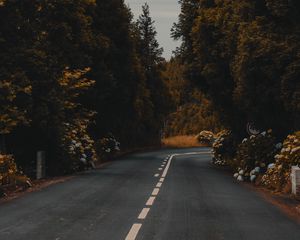 Preview wallpaper road, marking, bushes, flowers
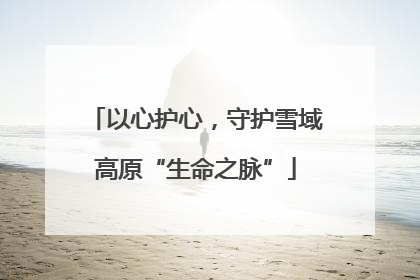 以心护心，守护雪域高原“生命之脉”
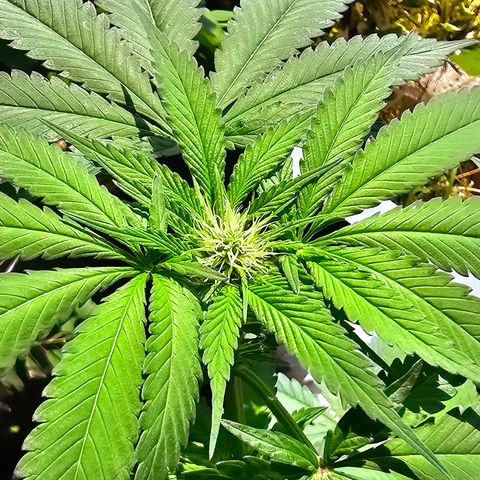Bag Seed #1 growlog timeline photo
------------------------------------
To do: Where a picture appears in the listing above, skip it and set down all the rest exactly.

Task result:
 Preview wallpaper road, marking, bushes, flowers
 以心护心，守护雪域高原“生命之脉”
Bag Seed #1 growlog timeline photo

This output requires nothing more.